• _Work to be completed_:
Everything from the line with "Search for parakeet ornaments Bird" to the end of the entries should be copied exactly, and nothing else.

• _Available data_:
*** Begin section ***
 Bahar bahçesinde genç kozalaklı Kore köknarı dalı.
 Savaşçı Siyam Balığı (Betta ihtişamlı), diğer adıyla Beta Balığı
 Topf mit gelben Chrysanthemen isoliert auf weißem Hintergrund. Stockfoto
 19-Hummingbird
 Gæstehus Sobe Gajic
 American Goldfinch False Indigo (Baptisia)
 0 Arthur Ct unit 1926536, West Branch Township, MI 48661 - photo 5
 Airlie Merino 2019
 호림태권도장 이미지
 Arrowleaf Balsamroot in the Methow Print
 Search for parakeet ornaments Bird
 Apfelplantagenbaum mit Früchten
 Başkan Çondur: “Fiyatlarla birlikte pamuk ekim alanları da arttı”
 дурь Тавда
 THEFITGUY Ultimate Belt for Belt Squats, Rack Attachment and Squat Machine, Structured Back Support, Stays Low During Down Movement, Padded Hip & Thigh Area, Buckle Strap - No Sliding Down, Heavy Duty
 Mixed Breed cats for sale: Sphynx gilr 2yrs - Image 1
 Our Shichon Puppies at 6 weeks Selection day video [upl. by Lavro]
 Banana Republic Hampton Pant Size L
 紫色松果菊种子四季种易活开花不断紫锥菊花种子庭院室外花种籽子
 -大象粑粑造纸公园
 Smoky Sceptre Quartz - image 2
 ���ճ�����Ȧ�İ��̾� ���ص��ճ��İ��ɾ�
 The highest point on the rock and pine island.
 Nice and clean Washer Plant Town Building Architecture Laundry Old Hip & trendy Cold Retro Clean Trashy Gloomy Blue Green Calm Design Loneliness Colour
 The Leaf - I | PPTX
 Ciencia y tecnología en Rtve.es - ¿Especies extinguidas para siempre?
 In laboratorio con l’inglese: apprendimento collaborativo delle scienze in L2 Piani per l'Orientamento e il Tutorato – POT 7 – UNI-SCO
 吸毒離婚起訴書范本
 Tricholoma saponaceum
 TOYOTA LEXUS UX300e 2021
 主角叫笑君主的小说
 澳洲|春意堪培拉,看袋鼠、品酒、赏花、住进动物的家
*** End section ***
• _Answer to this exercise_:
 Search for parakeet ornaments Bird
 Apfelplantagenbaum mit Früchten
 Başkan Çondur: “Fiyatlarla birlikte pamuk ekim alanları da arttı”
 дурь Тавда
 THEFITGUY Ultimate Belt for Belt Squats, Rack Attachment and Squat Machine, Structured Back Support, Stays Low During Down Movement, Padded Hip & Thigh Area, Buckle Strap - No Sliding Down, Heavy Duty
 Mixed Breed cats for sale: Sphynx gilr 2yrs - Image 1
 Our Shichon Puppies at 6 weeks Selection day video [upl. by Lavro]
 Banana Republic Hampton Pant Size L
 紫色松果菊种子四季种易活开花不断紫锥菊花种子庭院室外花种籽子
 -大象粑粑造纸公园
 Smoky Sceptre Quartz - image 2
 ���ճ�����Ȧ�İ��̾� ���ص��ճ��İ��ɾ�
 The highest point on the rock and pine island.
 Nice and clean Washer Plant Town Building Architecture Laundry Old Hip & trendy Cold Retro Clean Trashy Gloomy Blue Green Calm Design Loneliness Colour
 The Leaf - I | PPTX
 Ciencia y tecnología en Rtve.es - ¿Especies extinguidas para siempre?
 In laboratorio con l’inglese: apprendimento collaborativo delle scienze in L2 Piani per l'Orientamento e il Tutorato – POT 7 – UNI-SCO
 吸毒離婚起訴書范本
 Tricholoma saponaceum
 TOYOTA LEXUS UX300e 2021
 主角叫笑君主的小说
 澳洲|春意堪培拉,看袋鼠、品酒、赏花、住进动物的家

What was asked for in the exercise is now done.